# [What is required]
With the pictures left out, set down the line containing "this 840×472 image." and each line after it to the end of the material, exactly as written.

# [Data extracts]

BEGIN

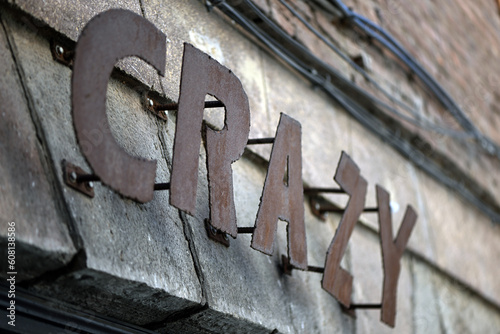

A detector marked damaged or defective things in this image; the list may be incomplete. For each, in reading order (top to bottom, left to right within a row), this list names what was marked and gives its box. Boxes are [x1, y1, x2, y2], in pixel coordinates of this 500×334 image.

rusty metal letter [72, 9, 166, 202]
rusty metal letter [171, 43, 250, 236]
rusty metal letter [252, 113, 306, 270]
rusty metal letter [320, 153, 368, 306]
rusty metal letter [376, 185, 416, 326]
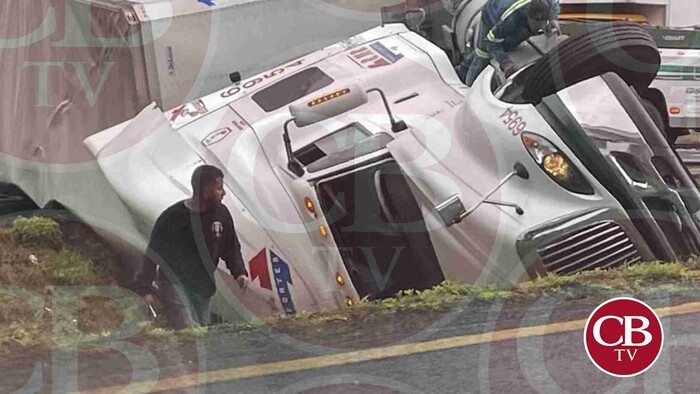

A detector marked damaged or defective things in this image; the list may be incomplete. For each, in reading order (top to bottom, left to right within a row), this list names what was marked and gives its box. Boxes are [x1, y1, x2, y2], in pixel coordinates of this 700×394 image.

overturned white truck [83, 20, 700, 318]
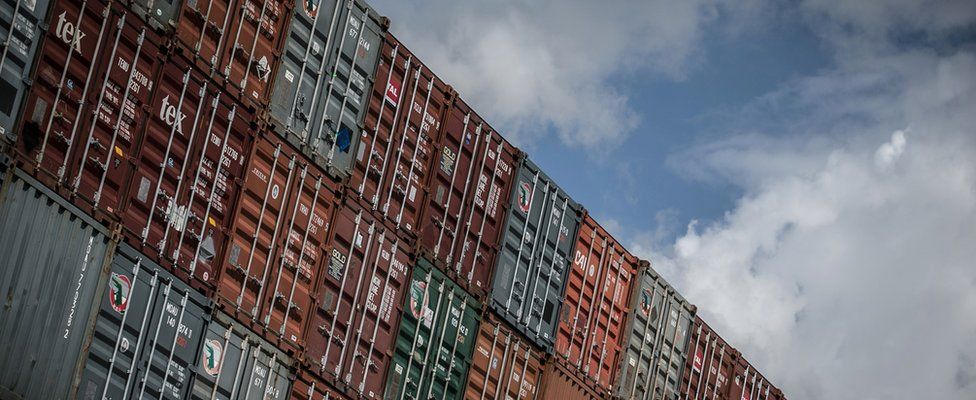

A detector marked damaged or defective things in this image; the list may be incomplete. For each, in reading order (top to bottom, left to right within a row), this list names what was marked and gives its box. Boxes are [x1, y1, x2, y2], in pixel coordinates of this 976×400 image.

rusty shipping container [0, 0, 51, 141]
rusty shipping container [0, 169, 114, 400]
rusty shipping container [13, 0, 164, 220]
rusty shipping container [76, 244, 212, 400]
rusty shipping container [119, 51, 258, 296]
rusty shipping container [173, 0, 292, 111]
rusty shipping container [191, 312, 296, 400]
rusty shipping container [215, 134, 342, 354]
rusty shipping container [290, 368, 350, 400]
rusty shipping container [270, 0, 388, 180]
rusty shipping container [304, 198, 412, 400]
rusty shipping container [346, 34, 450, 238]
rusty shipping container [382, 256, 480, 400]
rusty shipping container [418, 97, 524, 304]
rusty shipping container [464, 312, 540, 400]
rusty shipping container [488, 157, 580, 354]
rusty shipping container [532, 360, 604, 400]
rusty shipping container [556, 214, 640, 396]
rusty shipping container [612, 264, 696, 398]
rusty shipping container [684, 318, 788, 400]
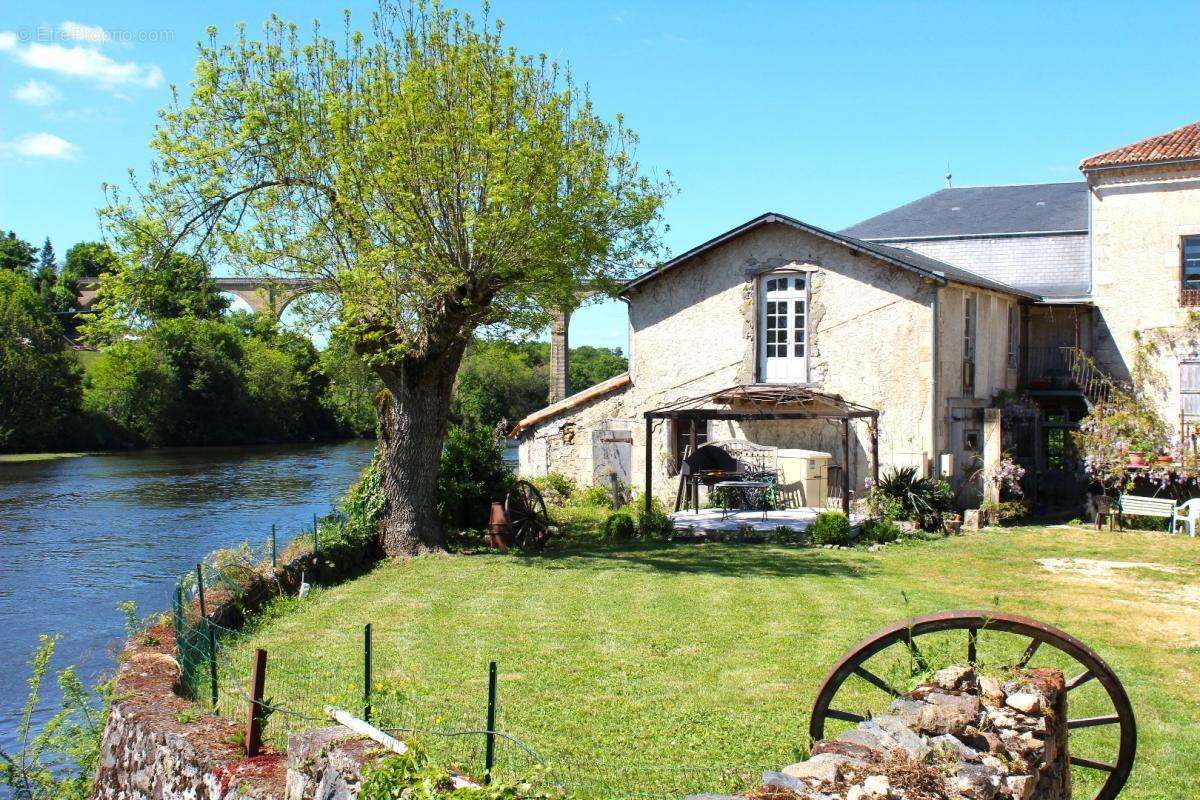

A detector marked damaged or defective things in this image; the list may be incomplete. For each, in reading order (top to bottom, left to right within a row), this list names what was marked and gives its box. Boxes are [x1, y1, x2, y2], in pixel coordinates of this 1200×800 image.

rusty wagon wheel [504, 482, 549, 551]
rusty wagon wheel [811, 609, 1137, 796]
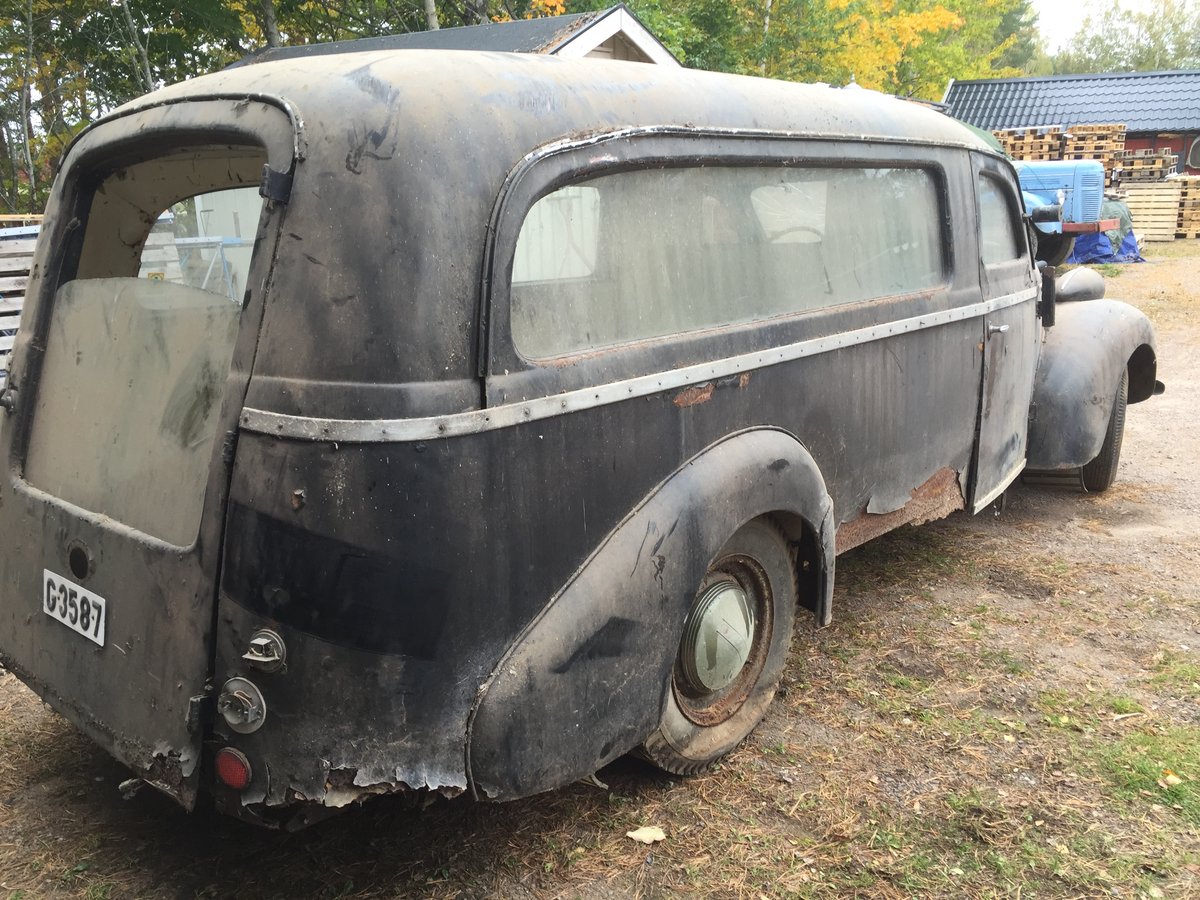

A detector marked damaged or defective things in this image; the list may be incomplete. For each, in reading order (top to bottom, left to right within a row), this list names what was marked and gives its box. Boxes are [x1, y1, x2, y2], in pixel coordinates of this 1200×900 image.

corroded fender edge [1027, 303, 1156, 472]
corroded fender edge [465, 429, 835, 801]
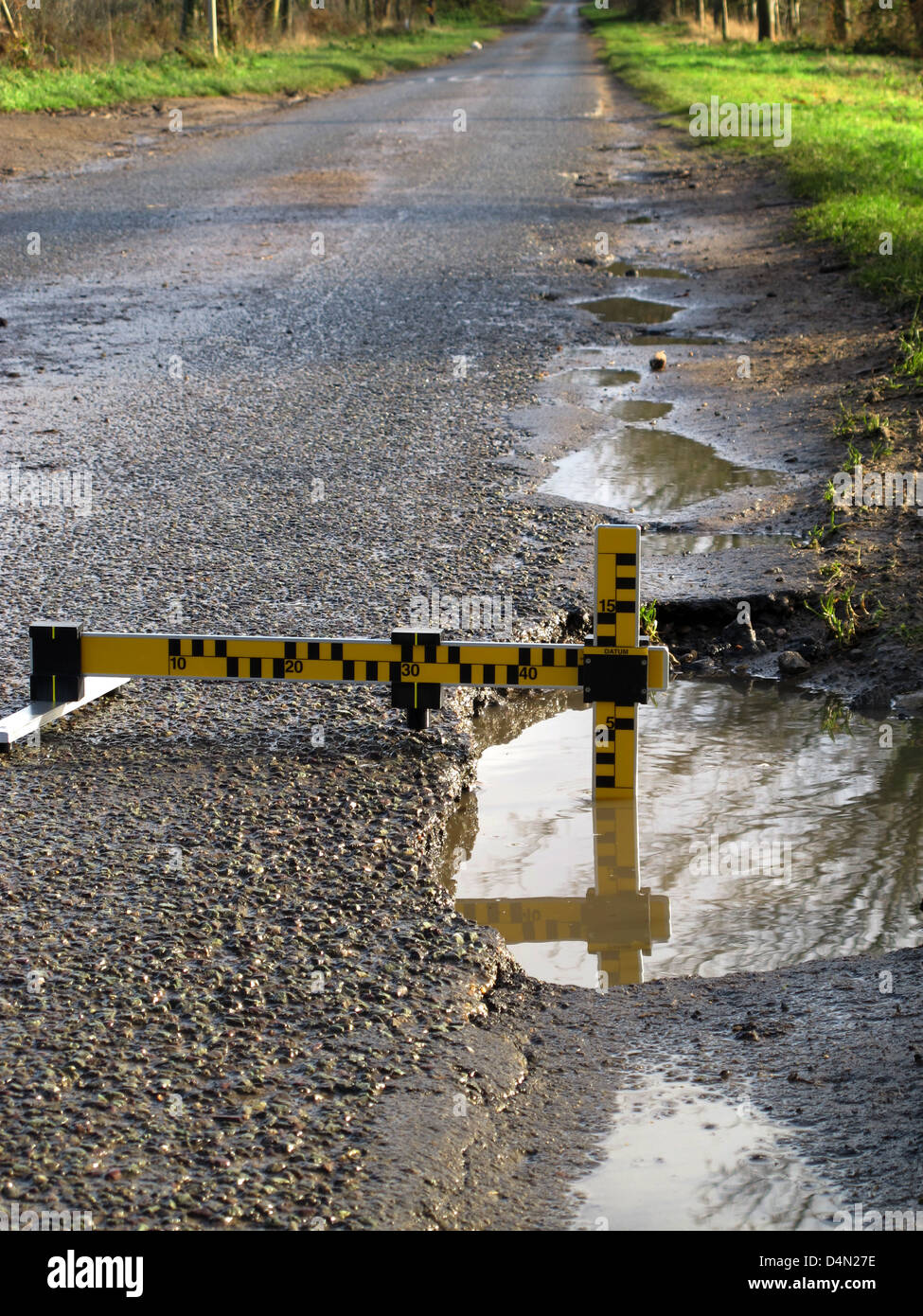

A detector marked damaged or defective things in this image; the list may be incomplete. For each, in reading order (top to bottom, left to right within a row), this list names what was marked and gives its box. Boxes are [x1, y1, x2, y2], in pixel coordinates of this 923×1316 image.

water-filled pothole [577, 295, 679, 323]
water-filled pothole [540, 423, 779, 510]
water-filled pothole [442, 684, 916, 984]
water-filled pothole [568, 1074, 843, 1226]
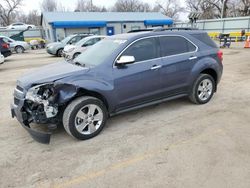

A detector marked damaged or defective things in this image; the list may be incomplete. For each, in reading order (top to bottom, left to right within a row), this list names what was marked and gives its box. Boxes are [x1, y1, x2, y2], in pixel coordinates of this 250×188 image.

front end damage [10, 82, 77, 144]
crumpled hood [18, 61, 89, 89]
damaged suv [11, 29, 223, 144]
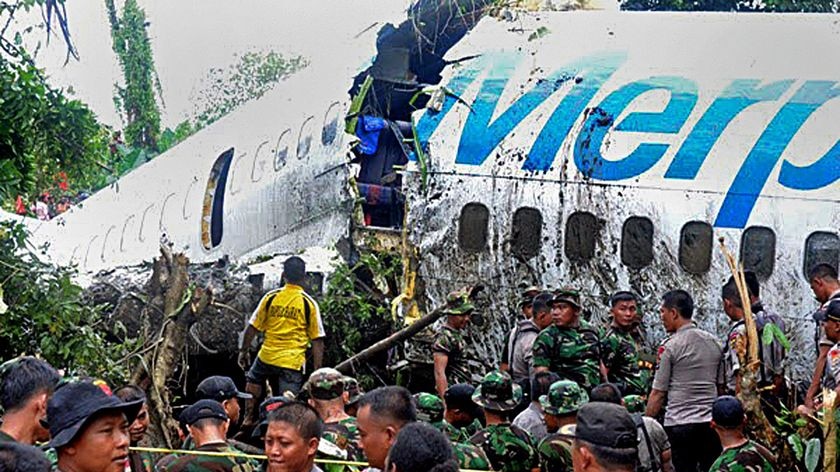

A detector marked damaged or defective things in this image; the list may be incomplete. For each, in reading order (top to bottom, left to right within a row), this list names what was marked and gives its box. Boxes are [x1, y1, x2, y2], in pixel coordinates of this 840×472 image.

shattered window [276, 129, 292, 171]
torn metal panel [406, 11, 840, 380]
shattered window [460, 203, 492, 254]
shattered window [512, 206, 544, 258]
shattered window [564, 211, 596, 262]
shattered window [620, 217, 652, 270]
shattered window [680, 220, 712, 272]
shattered window [740, 226, 776, 278]
shattered window [804, 231, 836, 276]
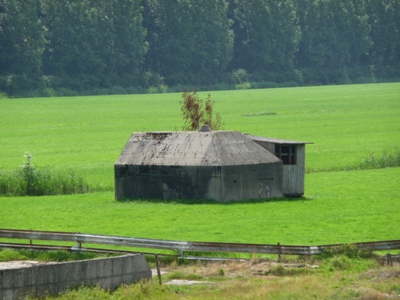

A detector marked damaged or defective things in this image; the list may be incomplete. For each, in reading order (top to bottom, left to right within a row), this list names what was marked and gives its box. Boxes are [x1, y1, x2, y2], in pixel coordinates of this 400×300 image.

damaged roof [114, 129, 280, 166]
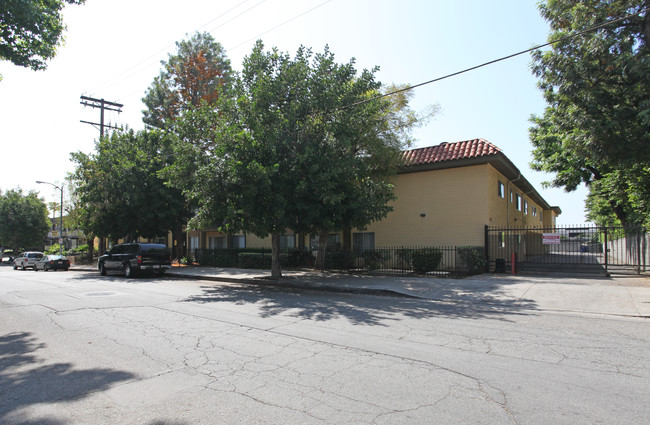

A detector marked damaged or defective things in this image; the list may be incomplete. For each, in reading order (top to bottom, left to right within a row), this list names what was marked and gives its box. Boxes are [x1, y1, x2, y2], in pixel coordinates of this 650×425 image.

cracked asphalt road [0, 266, 644, 422]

END

# [Exercise answer]
A detector marked damaged or defective things in this image; the list may be incomplete. For each, in reading order (top to bottom, left to right within a row), this list names what was marked and gives its box. Boxes are [x1, y1, x2, y2], in pixel coordinates of this 840×472 image.

shattered window [276, 129, 292, 171]
torn metal panel [406, 11, 840, 380]
shattered window [460, 203, 492, 254]
shattered window [512, 206, 544, 258]
shattered window [564, 211, 596, 262]
shattered window [620, 217, 652, 270]
shattered window [680, 220, 712, 272]
shattered window [740, 226, 776, 278]
shattered window [804, 231, 836, 276]

A detector marked damaged or defective things in this image; the list may be incomplete. For each, in reading order (top to bottom, left to right within a row), this list names what was marked and gives its box. Boxes are [x1, y1, x2, y2], in pixel coordinates of this 400×300 image.

damaged roof [114, 129, 280, 166]

A detector marked damaged or defective things in this image; the list may be incomplete. For each, in reading order (top to bottom, left to right within a row), this list names what was marked and gives its box. Boxes are [x1, y1, x2, y2], in pixel coordinates of this 650×425 image.

cracked asphalt road [0, 266, 644, 422]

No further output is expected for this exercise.